An ODE to CONTRAST (verse 3)

Artists have experimented for centuries with visual techniques for contrasting opposites.  However, it is difficult to think of an example which has benefited from so much enthusiastic experimentation as the contrast of something small, pretty and vulnerable with something big, mean and scary:

Let's see if we can tiptoe around some of the murky reasons people enjoy pictures of women in peril and focus instead on the interesting contrast at the heart of this popular genre.

 The pulp magazine covers of the 1930s and 40s merely continued a tradition that stretched back to medieval paintings of St. George & The Dragon (where a helpless virgin was chained to a rock, to be gobbled up by a fierce monster) or silent movies (where a helpless girl was tied to railroad tracks, to be run over by a fierce steam engine).  No mere gun or knife would do; it was the enormity of the disparity that makes these works successful.

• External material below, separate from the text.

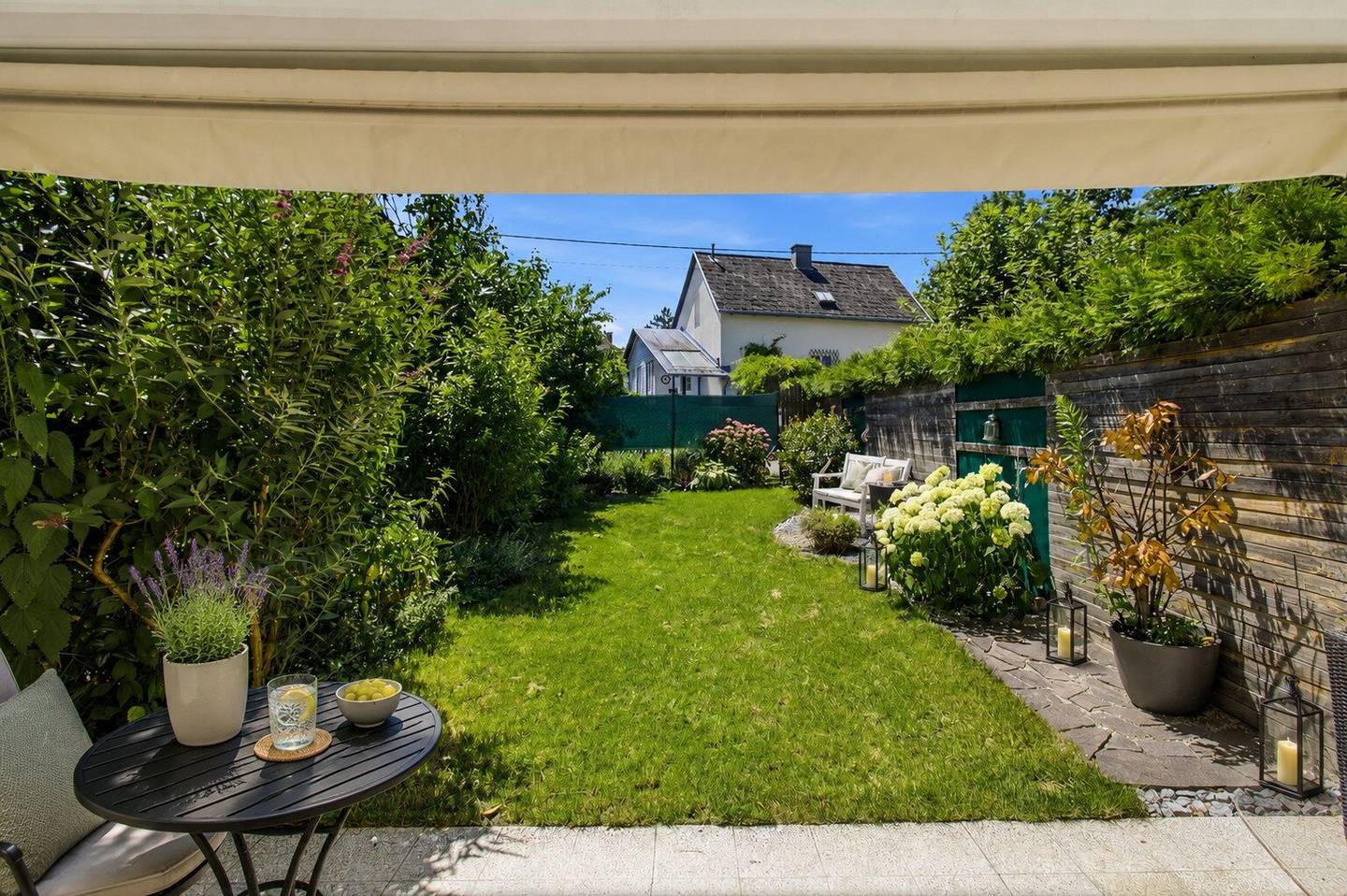 Charming 3 room terraced house in a quiet location on private land!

As Frazetta shows us, sometimes it heightens the excitement and dread if the pretty girl lacks even a thin layer of clothing to shield her. 


But not every example uses nudity to heighten the contrast.  Some heighten the contrast employing  light vs. shadow, or vertical vs. supine compositions, or male lower class vs. female upper class.


Some artists believe they get more mileage from a threat that is a disembodied shadow, or by throwing a child into the mix:


Putting aside the politics of these scenarios, and regardless of whether the damsel is saved by a knight in shining armor or rescues herself, the contrast between these two extremes seems to capture the imagination.